In 1963, Neidhardt moved to Vienna, where she landed numerous stage roles at Theater in der Josefstadt, and made regular appearances in film and television.[3]
After meeting future husband Christopher Muir, an Australian director at the ABC, Neidhardt relocated to Melbourne, Australia. In 1967 she played Dr. Anna Steiner, a German doctor, in several episodes of the television series Skippy the Bush Kangaroo.[6] Other Australian television appearances included The Link Men (1970)[7] and Shannon's Mob (1975). She was also in a small number of Australian feature films, including Libido (1973) in which she appeared nude),[8]Alvin Purple (1973) and The True Story of Eskimo Nell (1975). Her last film was Inside Looking Out (1977).

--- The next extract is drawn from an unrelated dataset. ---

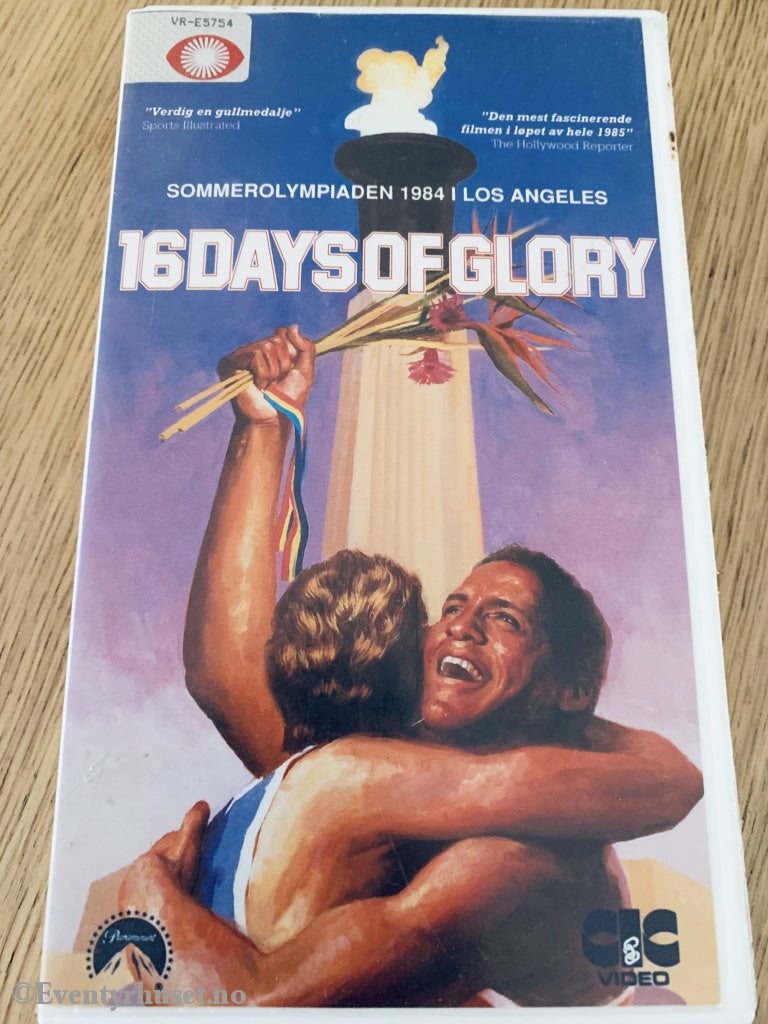 16 Days Of Glory. Vhs Ny I Plast!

From 1977 to 1990 Neidhardt was the resident director for Opera Australia.[2] She returned to Germany in 1990, after being headhunted for the role of principal resident director for Cologne State Opera (Oper der Stadt Koln). She worked there for six years, directing several operas including three productions of Richard Wagner's Ring Cycle,[2][9] before again returning to Australia.
In 2001 Neidhardt directed the first fully staged Australian production of Wagner's Parsifal, for the State Opera of South Australia.[5] In 2004 she directed the first full modern Australian production of the Ring Cycle, in Adelaide, which attracted worldwide critical acclaim and won several Helpmann Awards in 2005.[3]

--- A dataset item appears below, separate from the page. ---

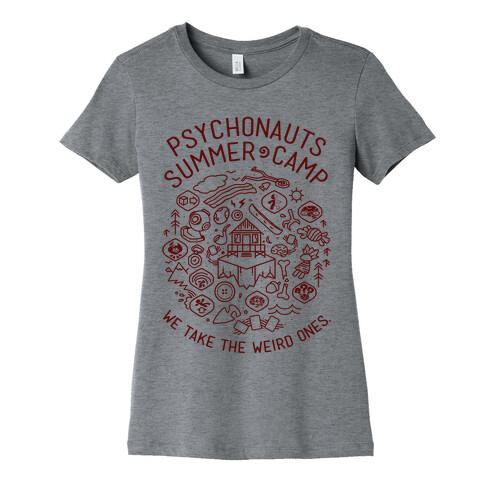 Psychonauts Summer Camp Womens T-Shirt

Neidhardt had a reputation for clashing with the conductors she worked with.[2][9] She was also known for her bluntness and frankness, describing Australian culture as "quite massively behind"; criticising the prudishness of theatrical authorities about things such as nudity; regarding the Sydney Opera House as "awful to work in";[12] and criticising the decision of arts minister Peter Garrett not to repeat her 2004 Adelaide production of the Ring Cycle despite its overwhelming success.

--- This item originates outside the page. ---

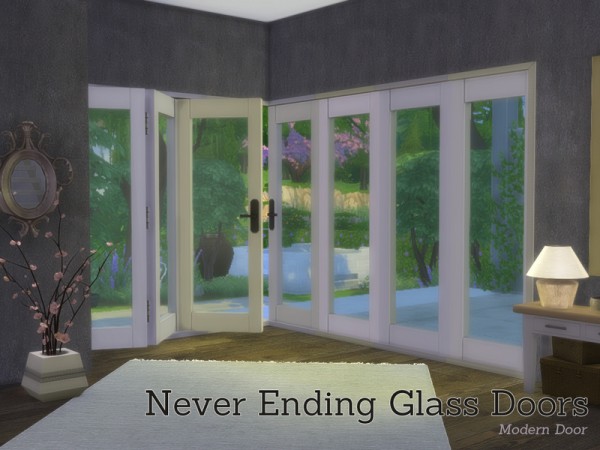  The Sims Resource: Never Ending Glass Door Buildset by Angela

Service to the performing arts as an opera director and producer, and through the tuition and mentoring of young emerging artists
Honoured
Personal life
Neidhardt met future husband Christopher Muir, an Australian television director, in Munich in
1965, when he was studying European TV, films and theatre for the ABC. Originally they were to marry when Neidhardt first arrived in Australia in early 1966, but Muir contracted tuberculosis, so Neidhardt returned to Europe to resume her acting contracts until he recovered. She arrived back in Australia with plans to marry before Christmas, only to be hospitalised with appendicitis, so the wedding was postponed a second time. They eventually married in 1967, at 'Athanor', an old stone house, on a property in Narrewarren, outside Melbourne.[4]
Neidhardt and Muir had a son, Fabian, before divorcing in 1977. Fabian Muir is now a Berlin-based photographer and writer.[20][21]
Neidhardt subsequently had a 35-year relationship with Australian actor and musician Norman Kaye, nursing him through the final stages of Alzheimer's disease until his death in May 2007. He had frequently proposed marriage to her, but she always declined, feeling that marriage was unnecessary.[22]
Australian citizenship and honours
Neidhardt became an Australian citizen in early 2007.[2] She was appointed a Member of the Order of Australia (AM) in the Australia Day Honours 2011, "for service to the performing arts as an opera director and producer, and through the tuition and mentoring of young emerging artists".[23]
Death
She died on 25 November 2013, aged 72, three months after being diagnosed with cancer.[24] Her death occurred during Neil Armfield's new staging of the Ring Cycle in Melbourne.